**Stored dataset items:**
• • • • • • •

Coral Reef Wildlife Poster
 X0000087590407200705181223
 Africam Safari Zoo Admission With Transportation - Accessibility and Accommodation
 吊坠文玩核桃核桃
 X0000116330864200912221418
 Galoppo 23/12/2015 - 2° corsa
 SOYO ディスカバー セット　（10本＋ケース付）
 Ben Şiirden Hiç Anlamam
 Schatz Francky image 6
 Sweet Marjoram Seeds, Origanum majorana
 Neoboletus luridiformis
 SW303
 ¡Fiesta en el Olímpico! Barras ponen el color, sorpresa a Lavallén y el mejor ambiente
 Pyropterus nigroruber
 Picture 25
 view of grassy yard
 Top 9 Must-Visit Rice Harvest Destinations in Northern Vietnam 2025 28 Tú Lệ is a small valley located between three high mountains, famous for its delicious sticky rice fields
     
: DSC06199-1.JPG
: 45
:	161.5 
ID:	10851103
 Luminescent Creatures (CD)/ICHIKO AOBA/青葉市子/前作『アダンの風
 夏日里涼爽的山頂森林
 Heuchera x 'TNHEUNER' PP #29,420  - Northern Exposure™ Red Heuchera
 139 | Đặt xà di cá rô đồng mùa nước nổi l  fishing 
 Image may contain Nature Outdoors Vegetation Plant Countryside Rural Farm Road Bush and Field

• • • • • • •

**Work instruction:** Up to and including the line with "Sweet Marjoram Seeds, Origanum majorana", output every line of the records above exactly, starting from the first; output nothing else.

**Task result:**
Coral Reef Wildlife Poster
 X0000087590407200705181223
 Africam Safari Zoo Admission With Transportation - Accessibility and Accommodation
 吊坠文玩核桃核桃
 X0000116330864200912221418
 Galoppo 23/12/2015 - 2° corsa
 SOYO ディスカバー セット　（10本＋ケース付）
 Ben Şiirden Hiç Anlamam
 Schatz Francky image 6
 Sweet Marjoram Seeds, Origanum majorana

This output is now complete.